[Records provided]
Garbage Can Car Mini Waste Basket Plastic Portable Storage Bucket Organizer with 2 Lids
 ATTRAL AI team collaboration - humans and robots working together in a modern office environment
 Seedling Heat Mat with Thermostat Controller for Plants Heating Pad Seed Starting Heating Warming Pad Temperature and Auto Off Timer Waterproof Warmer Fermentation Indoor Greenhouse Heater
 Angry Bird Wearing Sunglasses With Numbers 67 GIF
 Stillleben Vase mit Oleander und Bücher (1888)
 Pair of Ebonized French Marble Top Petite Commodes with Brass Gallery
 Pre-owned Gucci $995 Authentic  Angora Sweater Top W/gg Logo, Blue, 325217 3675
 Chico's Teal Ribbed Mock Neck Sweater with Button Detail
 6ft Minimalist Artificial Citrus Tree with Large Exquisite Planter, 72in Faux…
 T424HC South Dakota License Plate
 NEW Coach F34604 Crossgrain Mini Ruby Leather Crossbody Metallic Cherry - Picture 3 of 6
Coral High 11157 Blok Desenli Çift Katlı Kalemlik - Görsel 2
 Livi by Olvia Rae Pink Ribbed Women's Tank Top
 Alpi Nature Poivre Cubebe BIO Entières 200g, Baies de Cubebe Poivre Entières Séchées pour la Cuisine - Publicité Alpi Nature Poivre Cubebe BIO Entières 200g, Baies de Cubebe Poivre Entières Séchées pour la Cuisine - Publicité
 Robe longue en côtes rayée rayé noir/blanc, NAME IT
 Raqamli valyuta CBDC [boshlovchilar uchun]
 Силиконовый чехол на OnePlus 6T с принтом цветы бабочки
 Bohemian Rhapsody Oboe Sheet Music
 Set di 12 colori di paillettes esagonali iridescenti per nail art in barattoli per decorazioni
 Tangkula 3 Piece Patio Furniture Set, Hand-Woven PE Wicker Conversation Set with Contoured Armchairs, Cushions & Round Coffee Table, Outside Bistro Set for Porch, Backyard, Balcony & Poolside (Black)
[/Records provided]
Exercise details: Lines holding the word "Ribbed" are the answer; copy each one from the records above.

Your solution:
 Chico's Teal Ribbed Mock Neck Sweater with Button Detail
 Livi by Olvia Rae Pink Ribbed Women's Tank Top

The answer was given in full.